(WHAT THIS TASK INVOLVES): In the material below, find the line that contains "Easy Blondie Vegan Cookie Bars" and the line that contains "Emplacement Access 1", then write out exactly those two lines and everything between them.

──────── MATERIALS PROVIDED

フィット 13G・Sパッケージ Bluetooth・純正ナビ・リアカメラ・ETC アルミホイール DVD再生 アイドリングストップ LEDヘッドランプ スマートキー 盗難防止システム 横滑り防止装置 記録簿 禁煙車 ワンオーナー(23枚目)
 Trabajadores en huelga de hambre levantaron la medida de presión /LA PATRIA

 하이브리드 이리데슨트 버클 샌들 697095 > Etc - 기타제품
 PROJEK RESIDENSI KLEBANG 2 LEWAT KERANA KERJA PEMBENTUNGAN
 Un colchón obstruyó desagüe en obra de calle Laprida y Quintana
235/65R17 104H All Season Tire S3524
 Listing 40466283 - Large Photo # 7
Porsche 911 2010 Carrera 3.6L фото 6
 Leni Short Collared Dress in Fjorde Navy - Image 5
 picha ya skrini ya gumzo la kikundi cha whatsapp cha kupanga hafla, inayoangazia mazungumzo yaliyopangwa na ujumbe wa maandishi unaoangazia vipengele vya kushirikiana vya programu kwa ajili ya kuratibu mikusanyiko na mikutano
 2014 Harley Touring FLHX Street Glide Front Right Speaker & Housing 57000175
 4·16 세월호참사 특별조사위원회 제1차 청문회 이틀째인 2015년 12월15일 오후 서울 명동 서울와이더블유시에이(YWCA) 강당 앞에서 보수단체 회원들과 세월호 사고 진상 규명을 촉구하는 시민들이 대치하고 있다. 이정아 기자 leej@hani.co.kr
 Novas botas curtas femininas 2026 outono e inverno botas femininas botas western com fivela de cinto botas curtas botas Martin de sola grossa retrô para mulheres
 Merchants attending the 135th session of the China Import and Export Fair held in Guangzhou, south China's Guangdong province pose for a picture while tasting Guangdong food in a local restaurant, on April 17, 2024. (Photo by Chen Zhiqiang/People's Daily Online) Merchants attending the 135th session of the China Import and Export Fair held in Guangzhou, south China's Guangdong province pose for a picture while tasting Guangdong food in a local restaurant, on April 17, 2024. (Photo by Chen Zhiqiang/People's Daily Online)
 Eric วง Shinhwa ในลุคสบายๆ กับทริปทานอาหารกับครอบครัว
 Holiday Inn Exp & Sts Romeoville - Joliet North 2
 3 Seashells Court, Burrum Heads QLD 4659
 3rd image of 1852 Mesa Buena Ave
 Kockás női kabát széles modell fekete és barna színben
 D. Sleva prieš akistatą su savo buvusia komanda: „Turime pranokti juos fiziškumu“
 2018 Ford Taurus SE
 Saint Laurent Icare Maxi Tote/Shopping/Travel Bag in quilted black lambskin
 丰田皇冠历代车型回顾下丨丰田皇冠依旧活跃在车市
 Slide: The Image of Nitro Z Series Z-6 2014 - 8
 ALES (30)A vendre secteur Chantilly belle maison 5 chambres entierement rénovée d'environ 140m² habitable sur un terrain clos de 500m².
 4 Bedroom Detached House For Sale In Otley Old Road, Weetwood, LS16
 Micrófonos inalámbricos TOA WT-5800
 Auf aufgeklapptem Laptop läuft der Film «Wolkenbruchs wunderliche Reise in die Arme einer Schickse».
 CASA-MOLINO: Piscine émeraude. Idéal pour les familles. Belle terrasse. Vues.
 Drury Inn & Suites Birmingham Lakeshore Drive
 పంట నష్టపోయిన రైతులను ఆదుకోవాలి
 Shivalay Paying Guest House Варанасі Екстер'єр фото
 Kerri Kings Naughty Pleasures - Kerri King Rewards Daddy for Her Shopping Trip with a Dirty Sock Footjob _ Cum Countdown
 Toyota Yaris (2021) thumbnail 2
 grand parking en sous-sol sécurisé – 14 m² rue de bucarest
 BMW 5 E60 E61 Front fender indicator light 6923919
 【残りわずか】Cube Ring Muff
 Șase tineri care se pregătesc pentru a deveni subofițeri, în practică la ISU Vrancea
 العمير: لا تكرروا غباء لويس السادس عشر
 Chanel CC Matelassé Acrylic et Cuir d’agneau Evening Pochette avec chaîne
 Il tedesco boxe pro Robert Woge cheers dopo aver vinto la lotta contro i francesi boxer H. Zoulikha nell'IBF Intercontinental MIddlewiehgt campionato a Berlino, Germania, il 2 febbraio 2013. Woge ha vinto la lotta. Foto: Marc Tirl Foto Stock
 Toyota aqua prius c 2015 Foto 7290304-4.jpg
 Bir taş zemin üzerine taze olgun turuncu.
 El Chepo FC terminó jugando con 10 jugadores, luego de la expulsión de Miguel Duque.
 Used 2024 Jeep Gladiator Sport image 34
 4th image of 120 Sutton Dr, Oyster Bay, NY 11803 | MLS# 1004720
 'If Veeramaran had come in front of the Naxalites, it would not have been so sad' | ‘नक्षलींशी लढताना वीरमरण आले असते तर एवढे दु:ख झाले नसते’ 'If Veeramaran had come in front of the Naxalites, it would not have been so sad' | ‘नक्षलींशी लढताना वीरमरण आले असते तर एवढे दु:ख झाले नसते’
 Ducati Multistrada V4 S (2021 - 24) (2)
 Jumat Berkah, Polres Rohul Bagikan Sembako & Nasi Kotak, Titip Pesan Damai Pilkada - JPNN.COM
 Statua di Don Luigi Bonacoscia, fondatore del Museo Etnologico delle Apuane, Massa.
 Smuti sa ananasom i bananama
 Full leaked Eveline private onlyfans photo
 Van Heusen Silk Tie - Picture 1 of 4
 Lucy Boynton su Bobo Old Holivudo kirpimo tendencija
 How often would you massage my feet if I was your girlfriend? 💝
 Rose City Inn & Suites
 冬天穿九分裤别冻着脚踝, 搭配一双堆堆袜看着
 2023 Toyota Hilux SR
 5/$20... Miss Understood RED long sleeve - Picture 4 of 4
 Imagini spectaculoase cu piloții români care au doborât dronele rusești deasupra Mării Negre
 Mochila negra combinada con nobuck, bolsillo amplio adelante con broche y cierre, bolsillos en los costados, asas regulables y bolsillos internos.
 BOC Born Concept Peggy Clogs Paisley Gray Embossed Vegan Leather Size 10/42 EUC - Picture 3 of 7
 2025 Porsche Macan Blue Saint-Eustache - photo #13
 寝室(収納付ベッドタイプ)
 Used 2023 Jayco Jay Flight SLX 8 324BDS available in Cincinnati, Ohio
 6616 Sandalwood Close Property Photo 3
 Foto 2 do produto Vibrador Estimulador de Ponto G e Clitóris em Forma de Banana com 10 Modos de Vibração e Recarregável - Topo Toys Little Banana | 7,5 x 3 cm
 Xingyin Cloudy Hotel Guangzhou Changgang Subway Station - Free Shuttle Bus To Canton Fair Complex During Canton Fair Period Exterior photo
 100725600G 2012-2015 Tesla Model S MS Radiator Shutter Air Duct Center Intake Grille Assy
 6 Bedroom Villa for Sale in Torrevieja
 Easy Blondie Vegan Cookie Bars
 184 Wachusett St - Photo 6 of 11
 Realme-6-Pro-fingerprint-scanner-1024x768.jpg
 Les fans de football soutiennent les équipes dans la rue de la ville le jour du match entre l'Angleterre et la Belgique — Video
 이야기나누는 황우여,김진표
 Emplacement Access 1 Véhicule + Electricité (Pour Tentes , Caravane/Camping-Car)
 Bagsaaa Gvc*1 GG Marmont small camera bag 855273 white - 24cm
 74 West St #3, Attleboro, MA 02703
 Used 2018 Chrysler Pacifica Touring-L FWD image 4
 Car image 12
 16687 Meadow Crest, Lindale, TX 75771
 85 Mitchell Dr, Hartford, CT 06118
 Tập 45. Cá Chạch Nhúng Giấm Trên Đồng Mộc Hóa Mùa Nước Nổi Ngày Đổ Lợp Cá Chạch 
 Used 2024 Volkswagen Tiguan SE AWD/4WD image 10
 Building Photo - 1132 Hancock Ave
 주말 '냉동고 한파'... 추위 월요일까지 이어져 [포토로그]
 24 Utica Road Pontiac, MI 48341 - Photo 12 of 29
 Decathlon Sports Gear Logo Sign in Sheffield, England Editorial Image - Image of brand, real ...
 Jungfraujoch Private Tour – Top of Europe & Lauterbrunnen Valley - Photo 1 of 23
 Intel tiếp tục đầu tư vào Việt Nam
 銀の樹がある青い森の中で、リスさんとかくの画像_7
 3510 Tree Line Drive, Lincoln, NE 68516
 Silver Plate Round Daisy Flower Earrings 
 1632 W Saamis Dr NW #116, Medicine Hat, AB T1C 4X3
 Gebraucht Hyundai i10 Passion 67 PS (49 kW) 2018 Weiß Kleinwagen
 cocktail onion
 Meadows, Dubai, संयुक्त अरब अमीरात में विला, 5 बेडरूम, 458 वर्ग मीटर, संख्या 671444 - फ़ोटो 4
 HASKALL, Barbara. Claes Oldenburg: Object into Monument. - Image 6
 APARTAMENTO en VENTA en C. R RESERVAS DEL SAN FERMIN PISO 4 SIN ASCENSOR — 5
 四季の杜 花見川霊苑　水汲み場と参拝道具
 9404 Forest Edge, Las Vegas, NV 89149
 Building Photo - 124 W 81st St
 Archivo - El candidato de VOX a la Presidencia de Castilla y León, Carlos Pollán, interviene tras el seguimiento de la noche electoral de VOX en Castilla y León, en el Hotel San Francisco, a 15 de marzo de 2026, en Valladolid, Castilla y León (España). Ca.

────────────────

(REPLY):
 Easy Blondie Vegan Cookie Bars
 184 Wachusett St - Photo 6 of 11
 Realme-6-Pro-fingerprint-scanner-1024x768.jpg
 Les fans de football soutiennent les équipes dans la rue de la ville le jour du match entre l'Angleterre et la Belgique — Video
 이야기나누는 황우여,김진표
 Emplacement Access 1 Véhicule + Electricité (Pour Tentes , Caravane/Camping-Car)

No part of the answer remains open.